WHAT IS REQUIRED: Take the lines below beginning at the line that has "willyponton 19-02-2026 Recorded" and stopping after the line that has "浙江孕妇鸽子汤怎么炖 浙江孕妇鸽子汤怎么炖", and print them exactly as they are, with no other lines.

EXERCISE INPUT:
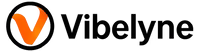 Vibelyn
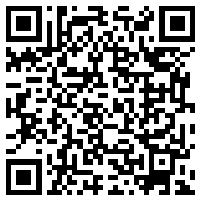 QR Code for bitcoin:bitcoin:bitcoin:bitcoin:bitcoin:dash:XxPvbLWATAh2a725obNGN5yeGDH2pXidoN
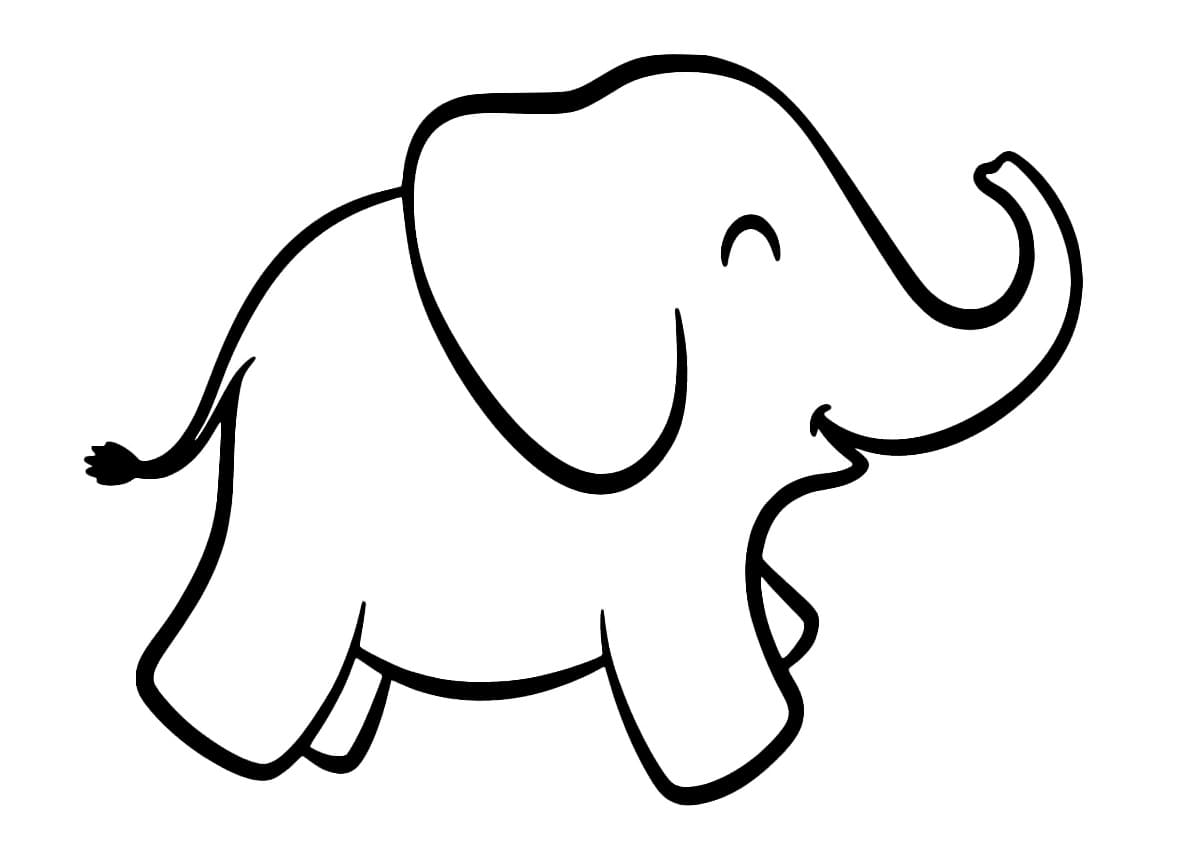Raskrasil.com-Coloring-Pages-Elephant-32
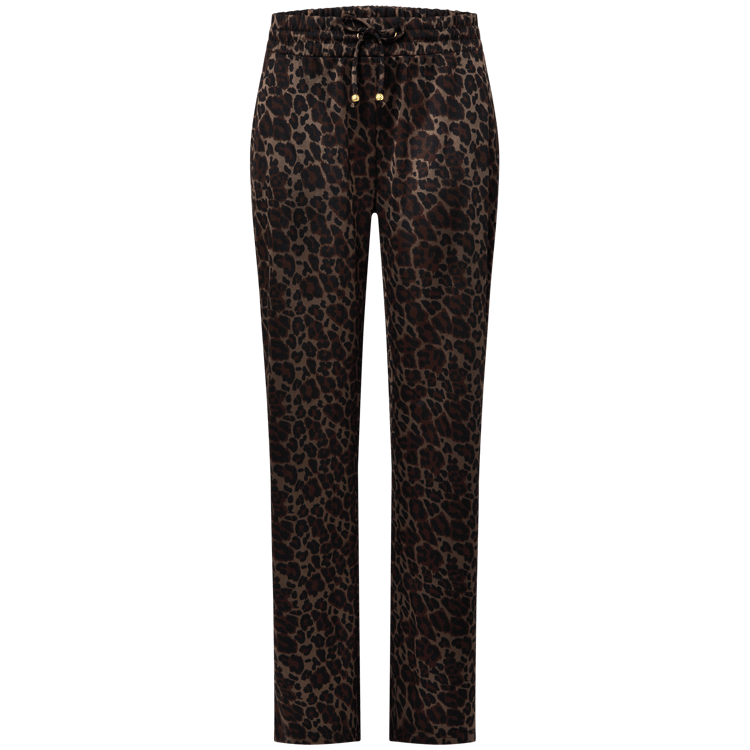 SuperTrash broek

--

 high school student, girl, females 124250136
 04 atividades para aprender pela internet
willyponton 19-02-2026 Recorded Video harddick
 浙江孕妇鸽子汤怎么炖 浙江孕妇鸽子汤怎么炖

ANSWER TO THE PROBLEM:
willyponton 19-02-2026 Recorded Video harddick
 浙江孕妇鸽子汤怎么炖 浙江孕妇鸽子汤怎么炖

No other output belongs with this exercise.